Special tax breaks also exacerbated a willful blindness in Washington of the urgent need to resolve the status debate. Is Puerto Rico to become a state, remain a territory or gain independence as a sovereign nation? The Bush administration is to be commended for its recognition of the festering political-status issue in its recent recommendations for Congress to establish a formal process of Puerto Rico self-determination to resolve permanent status in a timely fashion.

In 1996, with a generous 10-year phase-out period, Congress repealed those tax credits, and the multinational firms have remained on the island. But the history of corporate welfare had created an economic strategy with one pillar -- perpetual dependency. In this regard, Puerto Rico's economic problems are not unique and are only compounded by the uncertain status situation.

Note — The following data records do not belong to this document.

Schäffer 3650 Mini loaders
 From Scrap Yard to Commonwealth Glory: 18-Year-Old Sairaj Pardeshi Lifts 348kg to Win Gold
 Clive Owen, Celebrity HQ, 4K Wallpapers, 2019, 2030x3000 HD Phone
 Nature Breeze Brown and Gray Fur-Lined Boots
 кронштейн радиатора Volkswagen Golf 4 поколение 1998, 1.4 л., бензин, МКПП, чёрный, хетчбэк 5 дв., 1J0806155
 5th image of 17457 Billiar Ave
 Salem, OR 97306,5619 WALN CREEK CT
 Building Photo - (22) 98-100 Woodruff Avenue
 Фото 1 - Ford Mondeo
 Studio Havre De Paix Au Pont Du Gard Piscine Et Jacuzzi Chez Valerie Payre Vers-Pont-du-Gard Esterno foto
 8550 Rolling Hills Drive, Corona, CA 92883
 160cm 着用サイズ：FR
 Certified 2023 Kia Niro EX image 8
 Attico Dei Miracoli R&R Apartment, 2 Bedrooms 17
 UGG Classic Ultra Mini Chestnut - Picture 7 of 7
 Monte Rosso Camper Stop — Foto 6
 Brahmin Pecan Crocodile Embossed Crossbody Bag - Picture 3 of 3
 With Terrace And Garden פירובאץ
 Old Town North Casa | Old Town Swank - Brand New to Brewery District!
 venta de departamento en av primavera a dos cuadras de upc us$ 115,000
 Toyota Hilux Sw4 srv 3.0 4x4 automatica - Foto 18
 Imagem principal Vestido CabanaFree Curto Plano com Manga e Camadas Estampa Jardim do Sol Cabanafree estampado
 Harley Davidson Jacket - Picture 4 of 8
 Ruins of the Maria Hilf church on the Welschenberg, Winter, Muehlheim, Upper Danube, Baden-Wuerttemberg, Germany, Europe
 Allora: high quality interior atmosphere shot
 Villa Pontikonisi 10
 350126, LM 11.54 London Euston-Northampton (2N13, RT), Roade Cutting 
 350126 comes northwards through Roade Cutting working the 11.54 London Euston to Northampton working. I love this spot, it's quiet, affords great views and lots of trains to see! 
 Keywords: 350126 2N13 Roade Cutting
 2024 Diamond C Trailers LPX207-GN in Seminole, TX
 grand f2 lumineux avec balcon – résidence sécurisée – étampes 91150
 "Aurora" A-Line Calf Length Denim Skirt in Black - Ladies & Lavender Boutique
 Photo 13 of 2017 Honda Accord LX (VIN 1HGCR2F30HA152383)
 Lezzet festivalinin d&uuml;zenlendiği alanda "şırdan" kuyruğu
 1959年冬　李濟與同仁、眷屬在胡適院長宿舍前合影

This is why a new economic strategy is required for Puerto Rico, one that incorporates wise federal policies rather than handouts; that encourages Puerto Rico to get its welfare state under control. Members of Congress should read the Brookings Book and IPI report and, at a minimum, create national enterprise zones including Puerto Rico. That would make it possible for these American citizens to climb the ladder of prosperity and achieve the American Dream.

Companion national enterprise zone bills including Puerto Rico were introduced by Rep. Paul Ryan, Wisconsin Republican, and Sen. Sam Brownback, Kansas Republican, in the last Congress. And Puerto Rico's newly elected nonvoting Member of the House, Luis Fortuno, introduced similar legislation (H.R. 2182) in this Congress.

National enterprise zones provide a practical way to get tax policy right, easing regulations and establishing incentives for private capital and enterprise to invest and flourish in these lagging sectors of America, whether on the mainland or on that little corner island of America 1,000 miles off the coast of Florida.

Lawrence A. Hunter is a senior fellow at the Institute for Policy Innovation and former staff director of the congressional Joint Economic Committee.